Lamentablemente, los talleres no continuaron como una actividad regular, pero el trabajo del AEA sentó un precedente para que el cine dejara de ser “sobre” indígenas y pasara a “ser” de indígenas. En los últimos años, la era digital ha favorecido la producción cinematográfica de este tipo gracias a que los costos de grabación se han reducido considerablemente. Además, la distribución ya no se limita a festivales especializados, sino que puede hacerse llegar a un público más amplio a través de plataformas en Internet.


EL CINE COMO ARMA DE DENUNCIA

Actualmente, los cineastas indígenas han pulido su técnica y narrativa para contar las historias de su comunidad, denunciar las injusticias que padecen, preservar su tradición oral y sus leyendas, así como relatar experiencias íntimas, adentrándose también al mundo de la ficción. Esto último es muy importante porque con ello la vida étnica deja de limitarse a la investigación documental y se adueña también del mundo de la imaginación.



Yolanda Cruz y el actor Alejandro Santiago en la filmación de Migrant Heroes. Foto: NTX

Quizás una de las creadoras más destacadas es Yolanda Cruz. Originaria de Cieneguilla, Oaxaca, emigró a Estados Unidos cuando tenía 16 años.

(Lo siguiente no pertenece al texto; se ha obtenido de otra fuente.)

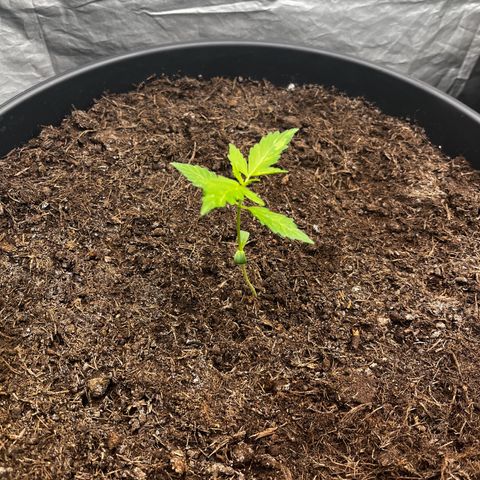 NYC Sour D #1 growlog timeline photo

Ahí estudió dirección y producción de cine en la Universidad de California. Todos sus trabajos están basados en su tierra natal, y ha logrado exhibirlos en lugares como el Museo Guggenheim de Nueva York y festivales de la talla del Sundance. En este último fue acreedora a un taller para desarrollar su primer largometraje de ficción, La Raya (aún en producción), asesorada por Robert Redford. Su última producción es una serie web titulada Migrant Heroes (2015), donde aborda el fenómeno migratorio en una serie de mini-documentales.

La cinta de Alberto Cortés, Corazón del tiempo (2009), también proyectada en el Festival Sundance, muestra cómo crecen las generaciones jóvenes bajo el esquema del Ejército Zapatista de Liberación Nacional. Se trata de una ficción que revela la realidad de estas comunidades autónomas.

El cine indígena ha trascendido fronteras y se ha abierto espacio en foros internacionales, incluso llegando a la entrega del Oscar en 2016 con El Abrazo de la Serpiente (2015), una producción dirigida por el colombiano Ciro Guerra que sigue el trayecto de dos científicos guiados por un chamán amazónico en la búsqueda de una planta sagrada. Fue nominada a Mejor Película de Habla no Inglesa, y es interpretada por habitantes nativos, cuya lengua y entorno fueron respetados.

La National Film Board de Canadá lanzó la plataforma más grande de cine indígena disponible en Internet, con más de 3 mil metrajes. Su acceso es gratuito e incluye proyectos de varios países.

Lo que empezó como una forma de expresión que difícilmente podía ser proyectada dentro de las mismas comunidades indígenas, ha roto barreras y ahora avanza hacia lo que podría ser, por fin, un lazo entre la cultura predominante y la indígena, de la cual todavía falta mucho por aprender.